• _SUPPLIED INFORMATION_:

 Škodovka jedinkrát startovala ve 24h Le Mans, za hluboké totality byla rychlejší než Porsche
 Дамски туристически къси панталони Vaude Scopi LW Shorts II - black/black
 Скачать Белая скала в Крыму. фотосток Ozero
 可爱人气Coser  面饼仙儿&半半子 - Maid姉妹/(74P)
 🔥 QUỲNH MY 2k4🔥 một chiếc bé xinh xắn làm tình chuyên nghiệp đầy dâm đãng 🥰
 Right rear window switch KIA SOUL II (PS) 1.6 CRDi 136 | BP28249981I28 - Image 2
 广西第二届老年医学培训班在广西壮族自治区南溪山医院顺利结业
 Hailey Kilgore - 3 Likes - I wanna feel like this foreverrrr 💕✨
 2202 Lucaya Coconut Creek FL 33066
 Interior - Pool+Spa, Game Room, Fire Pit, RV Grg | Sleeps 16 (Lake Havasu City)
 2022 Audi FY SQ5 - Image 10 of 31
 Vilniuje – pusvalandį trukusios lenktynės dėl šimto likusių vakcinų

• _PROBLEM TO SOLVE_: Retype, exactly as written, everything from the first line of the data above through the line containing "đầy dâm đãng 🥰". Nothing else should appear.

• _WRITTEN SOLUTION_:
 Škodovka jedinkrát startovala ve 24h Le Mans, za hluboké totality byla rychlejší než Porsche
 Дамски туристически къси панталони Vaude Scopi LW Shorts II - black/black
 Скачать Белая скала в Крыму. фотосток Ozero
 可爱人气Coser  面饼仙儿&半半子 - Maid姉妹/(74P)
 🔥 QUỲNH MY 2k4🔥 một chiếc bé xinh xắn làm tình chuyên nghiệp đầy dâm đãng 🥰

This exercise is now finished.